Task directions: Below are entries; tally how many lines hold the string "Brown" and answer with only that figure.

Short web captions:
★ ★ ★

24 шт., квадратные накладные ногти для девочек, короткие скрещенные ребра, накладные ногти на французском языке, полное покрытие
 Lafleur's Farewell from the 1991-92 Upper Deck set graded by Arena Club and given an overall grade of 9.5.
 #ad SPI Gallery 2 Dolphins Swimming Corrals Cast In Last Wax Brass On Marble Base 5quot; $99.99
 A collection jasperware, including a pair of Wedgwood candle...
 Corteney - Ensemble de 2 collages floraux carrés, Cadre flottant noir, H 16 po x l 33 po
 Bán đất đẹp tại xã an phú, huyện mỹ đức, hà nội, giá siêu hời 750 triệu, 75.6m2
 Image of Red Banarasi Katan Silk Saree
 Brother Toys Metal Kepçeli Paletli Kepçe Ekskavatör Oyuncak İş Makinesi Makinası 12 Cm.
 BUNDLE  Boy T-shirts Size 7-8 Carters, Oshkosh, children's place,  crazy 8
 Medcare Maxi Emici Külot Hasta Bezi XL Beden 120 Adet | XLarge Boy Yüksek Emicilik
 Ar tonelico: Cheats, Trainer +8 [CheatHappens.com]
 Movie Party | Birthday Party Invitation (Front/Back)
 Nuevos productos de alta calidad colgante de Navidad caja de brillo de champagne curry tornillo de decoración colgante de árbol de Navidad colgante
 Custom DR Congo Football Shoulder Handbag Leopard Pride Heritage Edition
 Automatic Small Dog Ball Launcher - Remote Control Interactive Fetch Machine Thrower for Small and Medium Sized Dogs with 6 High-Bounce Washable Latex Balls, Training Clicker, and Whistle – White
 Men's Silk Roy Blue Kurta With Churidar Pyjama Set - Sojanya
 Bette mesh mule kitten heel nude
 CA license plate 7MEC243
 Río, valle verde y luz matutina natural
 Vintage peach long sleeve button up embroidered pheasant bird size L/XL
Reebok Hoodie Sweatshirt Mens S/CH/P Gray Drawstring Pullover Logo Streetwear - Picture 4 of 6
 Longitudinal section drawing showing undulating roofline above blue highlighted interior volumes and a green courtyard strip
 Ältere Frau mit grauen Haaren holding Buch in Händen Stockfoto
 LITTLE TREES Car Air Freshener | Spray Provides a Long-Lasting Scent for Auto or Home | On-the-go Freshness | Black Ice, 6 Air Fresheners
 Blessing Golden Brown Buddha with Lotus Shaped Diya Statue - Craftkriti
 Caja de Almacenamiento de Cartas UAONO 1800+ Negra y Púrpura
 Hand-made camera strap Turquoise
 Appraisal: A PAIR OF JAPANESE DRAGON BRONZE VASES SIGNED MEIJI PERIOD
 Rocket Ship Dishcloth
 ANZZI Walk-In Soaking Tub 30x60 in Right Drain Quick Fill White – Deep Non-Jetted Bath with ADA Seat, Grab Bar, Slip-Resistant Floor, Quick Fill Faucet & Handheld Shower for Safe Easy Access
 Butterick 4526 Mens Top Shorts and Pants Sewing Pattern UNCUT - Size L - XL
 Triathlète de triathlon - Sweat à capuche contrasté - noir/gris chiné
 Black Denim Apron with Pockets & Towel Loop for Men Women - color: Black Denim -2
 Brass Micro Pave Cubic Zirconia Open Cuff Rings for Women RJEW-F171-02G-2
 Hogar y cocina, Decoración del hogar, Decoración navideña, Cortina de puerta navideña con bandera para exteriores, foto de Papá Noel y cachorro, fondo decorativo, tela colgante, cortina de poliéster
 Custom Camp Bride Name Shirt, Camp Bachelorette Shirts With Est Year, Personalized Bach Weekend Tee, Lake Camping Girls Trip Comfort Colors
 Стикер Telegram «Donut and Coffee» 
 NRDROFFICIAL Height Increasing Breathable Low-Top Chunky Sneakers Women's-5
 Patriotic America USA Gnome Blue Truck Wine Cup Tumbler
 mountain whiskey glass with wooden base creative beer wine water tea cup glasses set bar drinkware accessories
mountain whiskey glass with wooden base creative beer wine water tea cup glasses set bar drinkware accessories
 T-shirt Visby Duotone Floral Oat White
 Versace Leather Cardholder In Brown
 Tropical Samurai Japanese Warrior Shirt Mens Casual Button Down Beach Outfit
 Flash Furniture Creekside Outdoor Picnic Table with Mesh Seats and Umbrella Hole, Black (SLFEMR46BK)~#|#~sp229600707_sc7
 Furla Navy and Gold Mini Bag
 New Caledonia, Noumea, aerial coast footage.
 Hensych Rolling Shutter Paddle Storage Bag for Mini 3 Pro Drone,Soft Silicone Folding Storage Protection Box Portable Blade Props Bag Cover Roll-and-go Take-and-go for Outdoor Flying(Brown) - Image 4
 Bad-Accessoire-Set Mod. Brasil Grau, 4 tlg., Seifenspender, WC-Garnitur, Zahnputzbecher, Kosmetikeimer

★ ★ ★

Solved exercise: 3